Aim of the exercise: Output exactly, and only, the lines below from the one with "Article Review: Globalization" down to the one with "Reindeer muscular schlitz". Include both end lines and no pictures.

··· Information shown

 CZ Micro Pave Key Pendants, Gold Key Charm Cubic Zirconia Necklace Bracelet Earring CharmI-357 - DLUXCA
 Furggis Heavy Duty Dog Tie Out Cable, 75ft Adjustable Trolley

······
··· Information shown

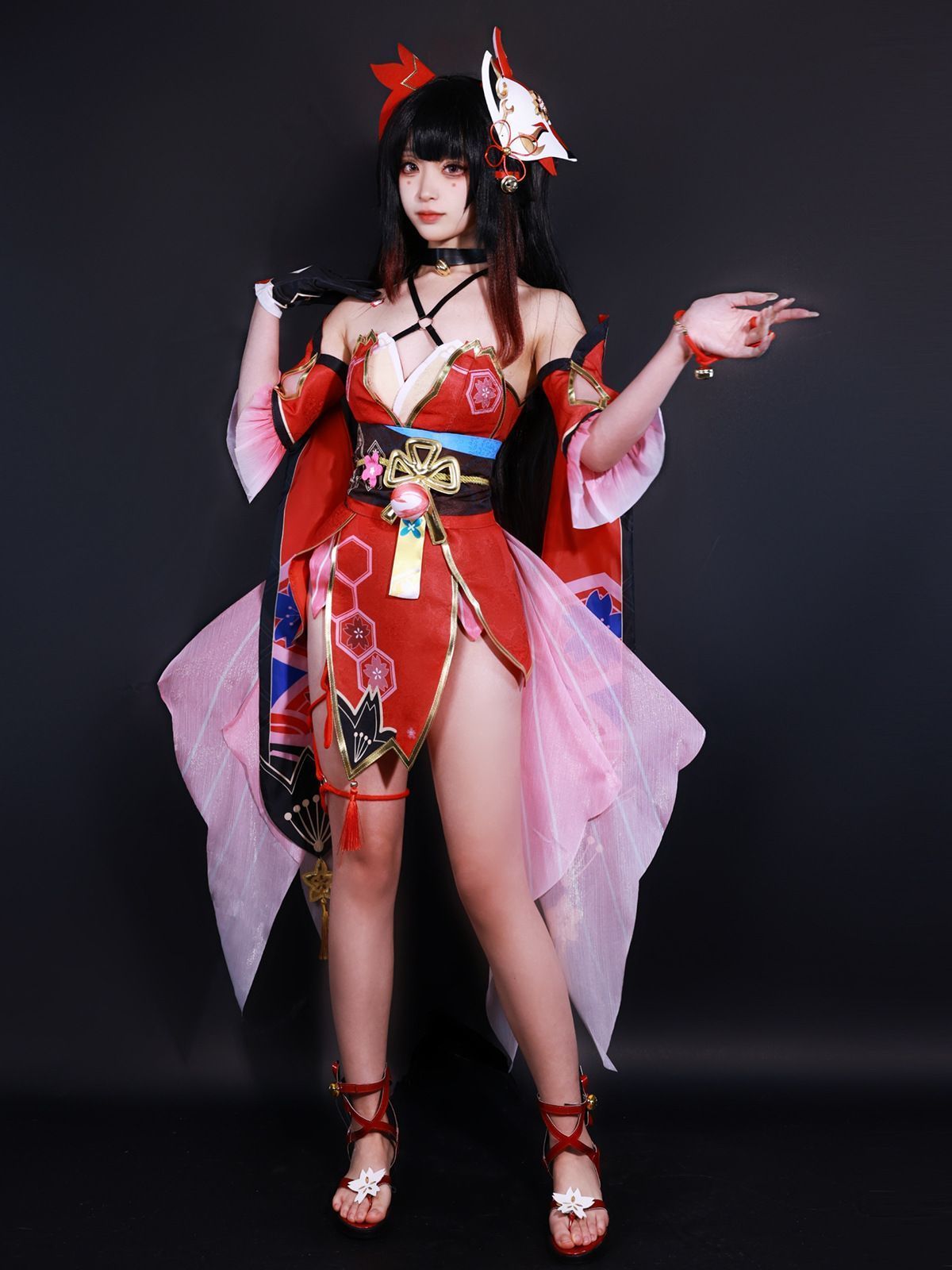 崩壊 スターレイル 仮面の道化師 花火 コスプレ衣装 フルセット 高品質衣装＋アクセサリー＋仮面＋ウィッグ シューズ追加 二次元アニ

······
··· Information shown

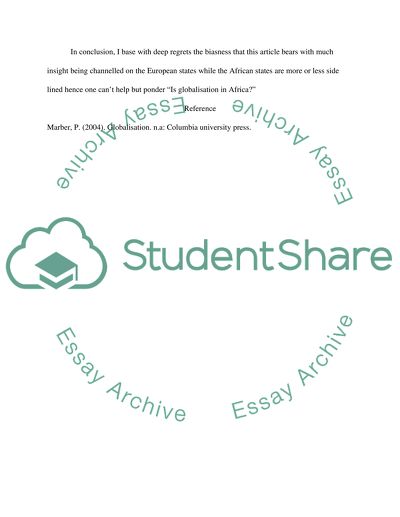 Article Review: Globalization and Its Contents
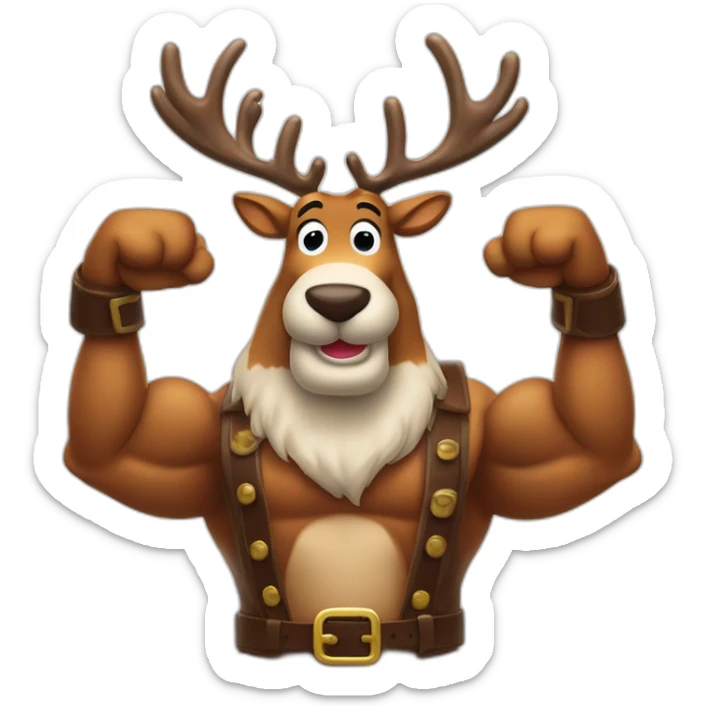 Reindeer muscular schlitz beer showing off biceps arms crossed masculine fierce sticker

······

Response area:
 Article Review: Globalization and Its Contents
 Reindeer muscular schlitz beer showing off biceps arms crossed masculine fierce sticker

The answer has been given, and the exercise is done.